Ghana Immigration Service has dismissed claims suggesting that some of its officers operating at the Kotoka International Airport engage in corrupt practices, including extortion of monies from travelers who use the airport.
In an interview with ABC News, Assistant Superintendent of Immigration (ASI) Barbara Sam, in charge of Public Relations at the KIA said such claims against its officers are false and inaccurate.
Her reaction follows several reported cases extortion by a section of the public, alleging that some uniformed personnel at the airport believed to be immigration officers, engaged in begging and pilfering in the discharge of their duties.
That information out there is not accurate. The officers stationed here at KIA are very professional and we are strict on corruption, extortion or bribery. So I can speak for a fact that our officers do not engage in such activities.
“GIS officers are up to task. We are very professional in our dealings with the public and we do not condone corruption,” she said.
ASI Sam indicated that though there had been such accusations of corruption against some of its officers in the past, none of them had been proven to be true after series of investigations.
She said investigation into such accusations had revealed that the ill-practices were conducted by other uniformed personnel at the airport who were not immigration officers.
“There have been accusations of our officers doing ABC, but after investigation, you will realise that it was not immigration officers who did it. People usually get confused with the uniforms at the airport.
“Because the uniforms look alike, people have the notion that whoever works at the airport is an immigration officer. But after investigation, you will realise that the person dealing with the complainant wasn’t an immigration officer,” she said.

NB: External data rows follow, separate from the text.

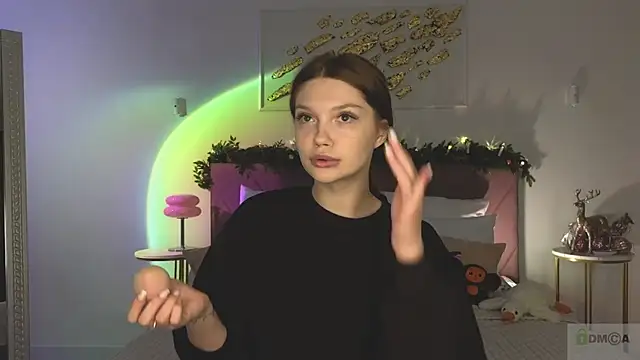 Nicole Broown  online show from January 2026 09:18:02 PM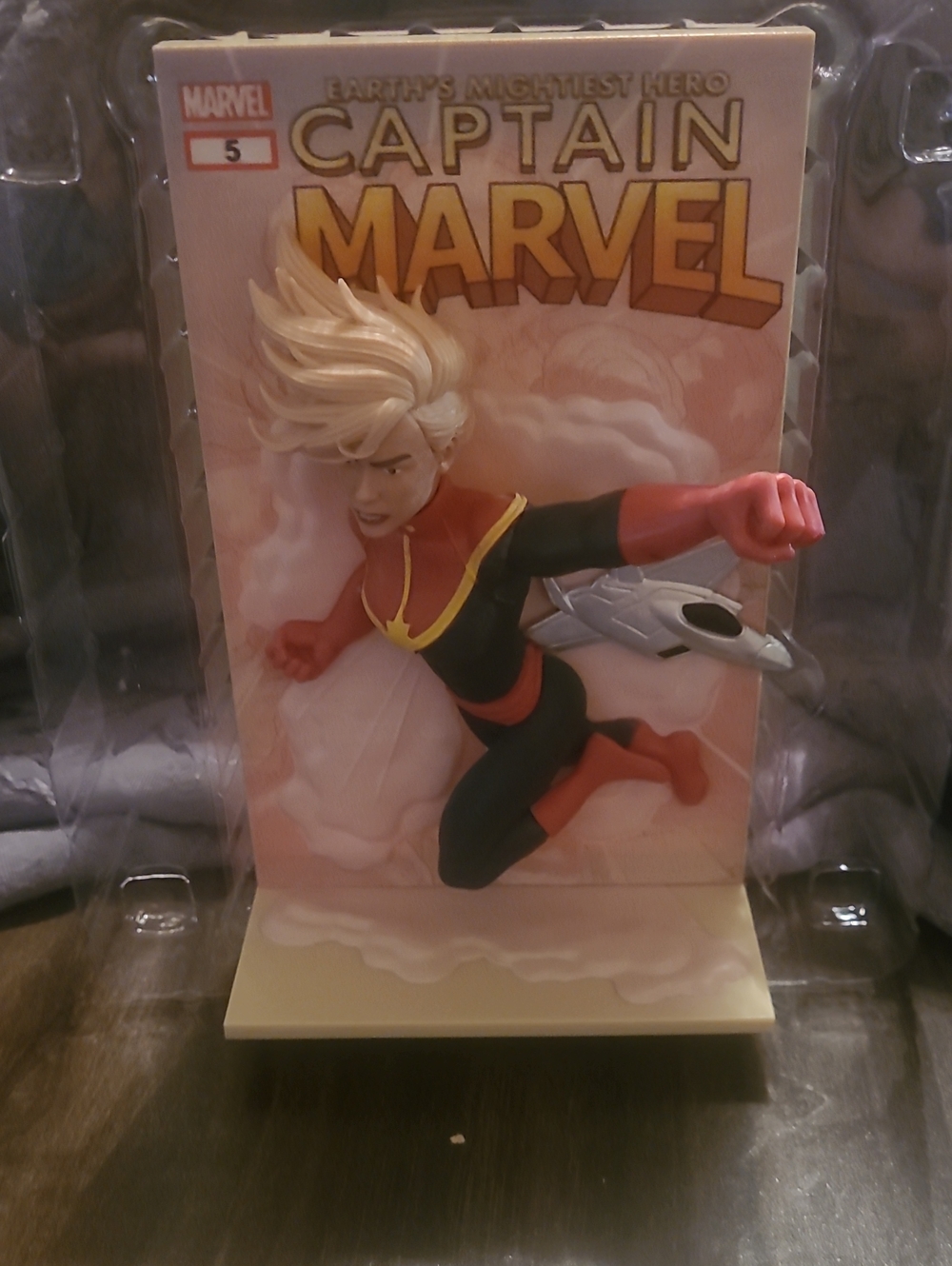 Marvel Captain Marvel Wall Figure – Red, Black, Gold & Cream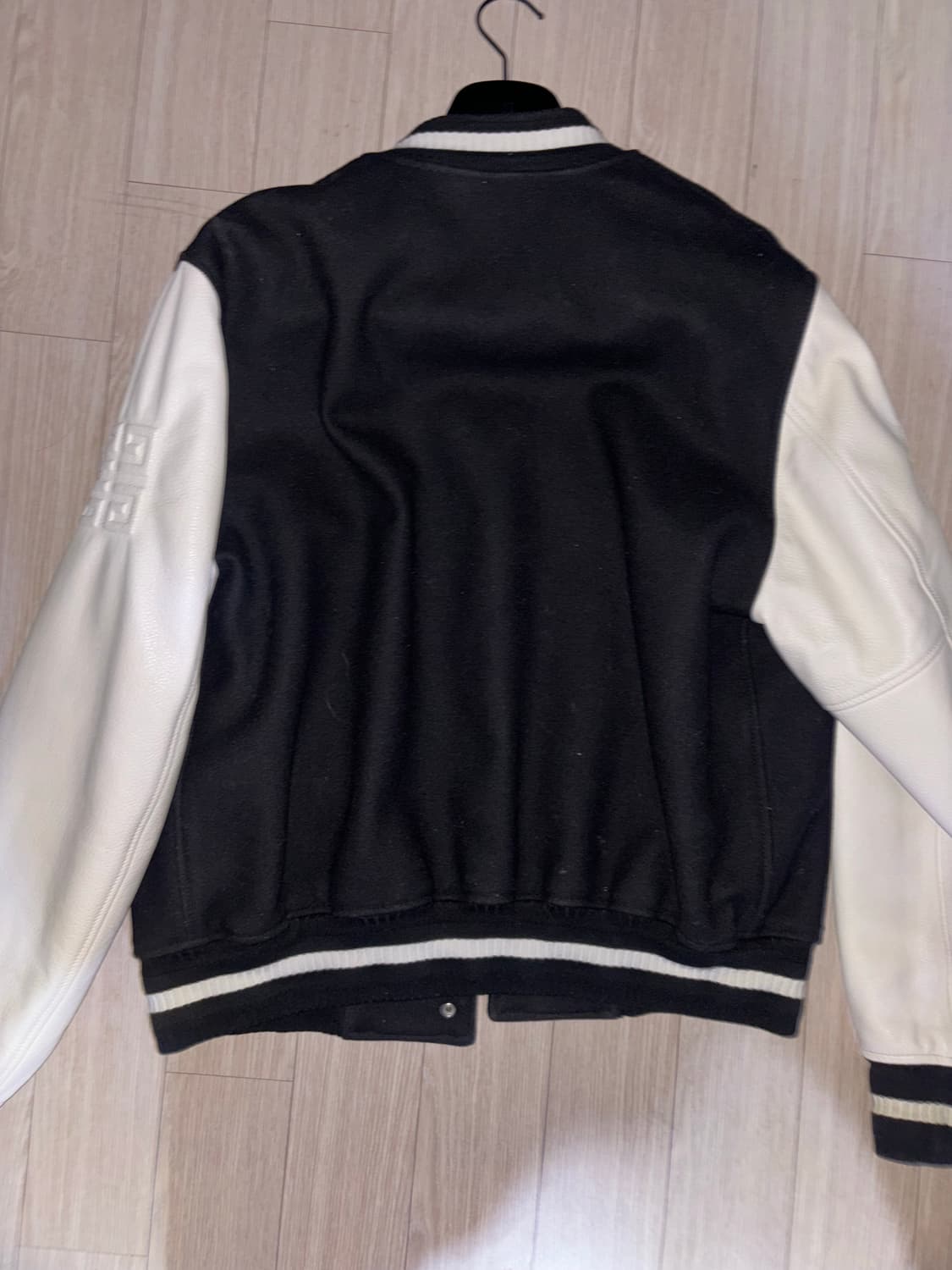 지방시 레더 바시티 자켓 46 상품이미지9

She urged all persons with evidence of extortion or any other form of corruption against its officer to visit any of its offices and lodge a complaint, assuring that such cases would be investigated when they are reported.
“They should report the people or whoever is behind it to the KIA regional command or any of our offices and we will investigate. If the person deserves some form of punishment after investigation, we will do that,” she said.
Concerns have been raised about the reported cases of extortion by some unidentified personnel who man the KIA as the practice is regarded a blot on the country’s identity and culture.
In February this year, the Ghana Civil Aviation Authority (GCAA) set up a taskforce to look into allegations of coercion and extortion by uniformed personnel working at the KIA.
Describing such practices as “highly unprofessional, unethical and unacceptable,” the GCAA resolved to investigate the allegations and work to nib such practices in the bud.
Last month, the GIS said it had rolled out programmes, including unique identification of its officers at the KIA.
The move, it explained, will help reduce the perception of extortion and corruption as travelers will be able to differentiate between GIS staff and other workers at the airport.